LDE carnet de route p.28 1917
À droite, à gauche, près de la grappe humaine fondue dans la même angoisse, des masses de terre et de pierres comblent peu a peu le boyau. À ma droite, sous la pression d’une explosion, la paroi s’incline et d’un seul coup s’écroule. Juste sur nos têtes, un coup de pioche ouvre un cratère fumant dans un bruit épouvantable. La terre coule dans mon cou entraînant des vapeurs suffocantes.
━ On met les bouts ! hurle Dandou.
━ Dans le boyau à gauche il y a un gourbi.
━ On y va ?
━ On y va. Allez hop I
Derrière son caporal l’escouade s’élance dans la fumée, enjambe des talus frais, saute des entonnoirs, trébuche, perd la direction. Nous tournons en rond comme un troupeau affolé sous les coups terrifiants de l’orage. Les obus piochent, fouillant la terre, crachent le fer et le feu... C’est une danse diabolique.
Un boyau. J’enjambe un cadavre et culbute dans un escalier.

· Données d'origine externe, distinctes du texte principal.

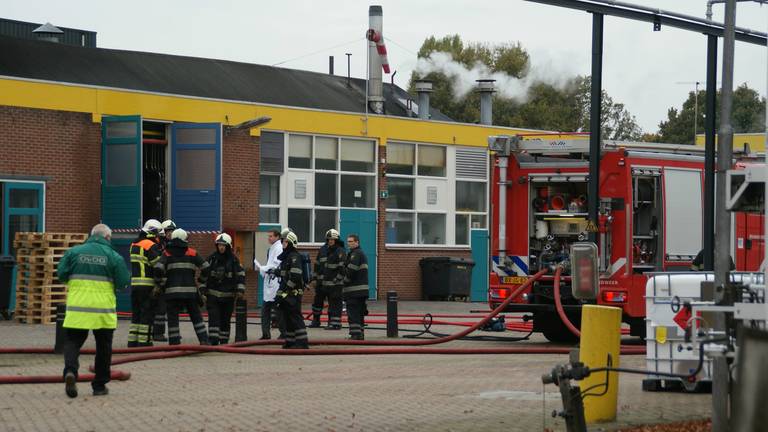 Medewerkers voorkomen grote brand bij Sanders in Vlijmen (Foto: Martijn van Bijnen/FPMB)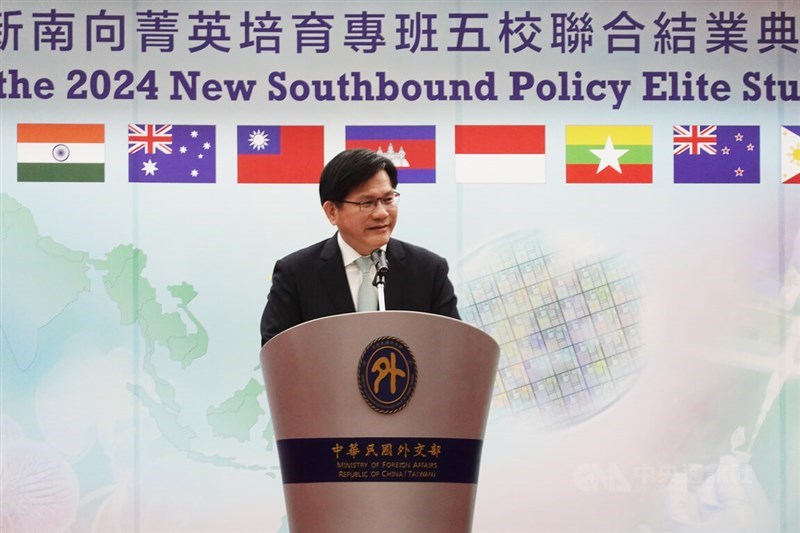 Foreign Minister Lin Chia-lung attends the graduation ceremony for the 2024 New Southbound Policy Elite Study Program in Taipei on Tuesday. CNA photo Jan. 7, 2025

━ Vingt D... y a pas d’amochés ?
━ J’ sais pas. Y manque Dekoninck.
━ Tiens, le v’ là, Dekoninck.
Celui-ci comme un bolide fonce dans la sape.
━ Allez ! y a le lieutenant qui vous demande. Y vous demande de suite et tous. Faut revenir à la tranchée, répète Dekoninck nerveusement.
━ Non ! mais des fois ! y est pas louf le lieutenant ? Y’ a qu’à y aller lui !
━ Il y est lui. Il vous attend, moi j’ m’en fous, j’y vais.
Nous sommes repartis à travers la fournaise que nous venions de quitter. Quel grabuge ! Plus de carrefour. À coups de reins et de jarrets on franchit les cratères béants qui remplacent le boyau. Un morceau de tranchée encore debout nous reçoit.
Debout, dans le vent d’acier, le lieutenant Barcelot nous apostrophe :
━ Salauds ! abandon poste... ennemi !
Soudain Quéhu bondit sur ses jambes, s’élance et disparaît dans la fumée en criant :
━ J’en ai une
J’ai eu le temps de voir dans un éclair ; une main pendants à demi sectionnée.
Depuis ce matin, le 1er bataillon a la garde de ce coin de la côte 290 à 1600 mètres au sud-ouest de la côte 304. Celle-ci se profile sur notre droite. Derrière nous le ravin de Pommerieu dit ravin de la mort. À gauche le 2e bataillon occupe les lignes sur le plateau de Pommerieu coupant la route d’Esnes à Haucourt et donnant la main sur sa gauche aux défenseurs d’Avocourt.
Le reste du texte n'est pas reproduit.